Advantageous Effects of Invention
[0014] According to an embodiment of the disclosure, appropriate
audio post-processing according to image information can be
performed using the image information and, unlike for a terminal,
by performing calculation in the server, audio post-processing
requiring a complicated calculation procedure can be performed at a
high processing speed.
BRIEF DESCRIPTION OF DRAWINGS
[0015] FIG. 1 is a diagram illustrating a block for audio
post-processing in a general multimedia recording;
[0016] FIG. 2 is a diagram illustrating a magnitude of a signal to
which a compressor and an expander of DRC have been applied;
[0017] FIG. 3 shows diagrams illustrating a signal to which a
limiter of a DRC has been applied;
[0018] FIG. 4 is a diagram illustrating an overall configuration of
the disclosure;
[0019] FIG. 5 is a diagram illustrating a structure of a network
including an edge computing server;
[0020] FIG. 6 is a diagram illustrating a period and a frame for
image data analysis;
[0021] FIG. 7 is a diagram illustrating an example of an item
selectable based on user feedback;
[0022] FIG. 8 is a diagram illustrating an operation of a terminal
according to the disclosure;
[0023] FIG. 9 is a diagram illustrating an operation of a server
according to the disclosure;
[0024] FIG. 10 is a block diagram illustrating a structure of a
terminal; and
[0025] FIG. 11 is a block diagram illustrating a structure of a
terminal.
MODE FOR THE INVENTION
[0026] Hereinafter, embodiments of the disclosure will be described
in detail in conjunction with the accompanying drawings. In the
following description of the disclosure, a detailed description of
known functions or configurations incorporated herein will be
omitted when it may make the subject matter of the disclosure
unnecessarily unclear. The terms which will be described below are
terms defined in consideration of the functions in the disclosure,
and may be different according to users, intentions of the users,
or customs. Therefore, the definitions of the terms should be made
based on the contents throughout the specification.
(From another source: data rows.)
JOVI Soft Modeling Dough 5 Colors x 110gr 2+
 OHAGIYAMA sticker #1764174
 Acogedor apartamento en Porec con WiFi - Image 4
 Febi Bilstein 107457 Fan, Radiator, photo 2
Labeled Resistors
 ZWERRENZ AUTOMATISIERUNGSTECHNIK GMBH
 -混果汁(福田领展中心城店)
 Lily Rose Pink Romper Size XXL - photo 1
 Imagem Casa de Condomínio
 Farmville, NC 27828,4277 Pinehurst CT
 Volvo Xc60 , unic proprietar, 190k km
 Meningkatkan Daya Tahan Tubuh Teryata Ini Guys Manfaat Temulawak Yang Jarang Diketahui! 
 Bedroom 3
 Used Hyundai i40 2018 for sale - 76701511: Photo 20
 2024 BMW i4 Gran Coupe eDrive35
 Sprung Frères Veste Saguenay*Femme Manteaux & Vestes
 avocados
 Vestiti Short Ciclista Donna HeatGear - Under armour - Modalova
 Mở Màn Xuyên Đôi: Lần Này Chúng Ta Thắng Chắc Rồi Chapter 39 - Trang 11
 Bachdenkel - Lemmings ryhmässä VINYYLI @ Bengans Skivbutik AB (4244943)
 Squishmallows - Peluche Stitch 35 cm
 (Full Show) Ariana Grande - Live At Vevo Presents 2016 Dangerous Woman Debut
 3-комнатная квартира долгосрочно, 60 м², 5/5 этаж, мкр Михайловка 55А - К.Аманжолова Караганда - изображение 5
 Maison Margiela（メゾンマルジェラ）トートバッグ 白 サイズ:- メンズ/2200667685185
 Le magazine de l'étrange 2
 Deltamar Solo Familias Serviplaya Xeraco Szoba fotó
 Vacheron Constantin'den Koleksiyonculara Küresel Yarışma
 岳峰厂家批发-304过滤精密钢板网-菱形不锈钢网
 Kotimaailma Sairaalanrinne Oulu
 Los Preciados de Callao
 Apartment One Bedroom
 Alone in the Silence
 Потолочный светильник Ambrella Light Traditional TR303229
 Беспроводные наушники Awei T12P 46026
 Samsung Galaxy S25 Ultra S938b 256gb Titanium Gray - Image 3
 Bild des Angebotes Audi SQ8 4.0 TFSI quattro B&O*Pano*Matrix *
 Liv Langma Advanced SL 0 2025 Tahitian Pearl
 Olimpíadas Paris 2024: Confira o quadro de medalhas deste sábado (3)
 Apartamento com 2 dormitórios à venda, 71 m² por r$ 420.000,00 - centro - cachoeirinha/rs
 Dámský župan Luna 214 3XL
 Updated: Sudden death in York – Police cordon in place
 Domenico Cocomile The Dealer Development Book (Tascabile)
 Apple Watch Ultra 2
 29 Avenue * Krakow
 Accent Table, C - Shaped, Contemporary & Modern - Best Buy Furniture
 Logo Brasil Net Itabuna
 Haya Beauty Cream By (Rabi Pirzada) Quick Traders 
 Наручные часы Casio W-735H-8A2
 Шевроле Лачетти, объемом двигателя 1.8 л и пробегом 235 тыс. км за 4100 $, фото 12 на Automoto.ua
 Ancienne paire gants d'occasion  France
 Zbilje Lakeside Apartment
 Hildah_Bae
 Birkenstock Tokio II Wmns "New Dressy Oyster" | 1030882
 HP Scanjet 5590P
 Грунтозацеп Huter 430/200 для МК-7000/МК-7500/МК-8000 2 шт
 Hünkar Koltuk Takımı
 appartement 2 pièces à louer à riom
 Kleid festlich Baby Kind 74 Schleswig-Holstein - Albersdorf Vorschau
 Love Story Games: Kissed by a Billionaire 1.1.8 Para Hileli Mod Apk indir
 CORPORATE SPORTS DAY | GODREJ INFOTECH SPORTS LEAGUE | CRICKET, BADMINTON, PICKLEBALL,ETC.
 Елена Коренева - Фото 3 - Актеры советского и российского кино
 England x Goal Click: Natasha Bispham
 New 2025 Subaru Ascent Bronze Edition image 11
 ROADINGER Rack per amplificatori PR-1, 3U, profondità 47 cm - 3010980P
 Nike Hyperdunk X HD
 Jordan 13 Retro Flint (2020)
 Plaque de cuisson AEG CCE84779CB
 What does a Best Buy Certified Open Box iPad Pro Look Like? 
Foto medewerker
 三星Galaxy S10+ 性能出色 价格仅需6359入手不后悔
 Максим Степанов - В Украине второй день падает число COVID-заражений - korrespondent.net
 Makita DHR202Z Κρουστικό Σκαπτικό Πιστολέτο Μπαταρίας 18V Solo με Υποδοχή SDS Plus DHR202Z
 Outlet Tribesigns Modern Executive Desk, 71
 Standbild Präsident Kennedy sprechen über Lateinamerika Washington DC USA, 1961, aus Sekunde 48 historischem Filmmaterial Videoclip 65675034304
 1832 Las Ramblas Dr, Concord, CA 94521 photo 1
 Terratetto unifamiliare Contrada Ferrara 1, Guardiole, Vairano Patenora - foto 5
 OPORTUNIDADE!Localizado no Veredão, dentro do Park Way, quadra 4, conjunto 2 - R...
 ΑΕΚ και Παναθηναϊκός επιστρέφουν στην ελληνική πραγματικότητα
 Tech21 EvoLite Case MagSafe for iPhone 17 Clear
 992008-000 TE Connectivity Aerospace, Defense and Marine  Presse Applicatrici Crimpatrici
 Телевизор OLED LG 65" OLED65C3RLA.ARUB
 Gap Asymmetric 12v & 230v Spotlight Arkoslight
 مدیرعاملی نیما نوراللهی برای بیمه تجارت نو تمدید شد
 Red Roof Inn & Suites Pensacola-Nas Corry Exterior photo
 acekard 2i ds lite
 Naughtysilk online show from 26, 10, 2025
[0027] In describing embodiments of the disclosure in detail, based
on determinations by those skilled in the art, the main idea of the
disclosure may be applied to other communication systems having
similar backgrounds and channel types through some modifications
without significantly departing from the scope of the
disclosure.
[0028] The advantages and features of the disclosure and ways to
achieve them will be apparent by making reference to embodiments as
described below in detail in conjunction with the accompanying
drawings. However, the disclosure is not limited to the embodiments
set forth below, but may be implemented in various different forms.
The following embodiments are provided only to completely disclose
the disclosure and inform those skilled in the art of the scope of
the disclosure, and the disclosure is defined only by the scope of
the appended claims. Throughout the specification, the same or like
reference numerals designate the same or like elements.
[0029] Here, it will be understood that each block of the flowchart
illustrations, and combinations of blocks in the flowchart
illustrations, can be implemented by computer program instructions.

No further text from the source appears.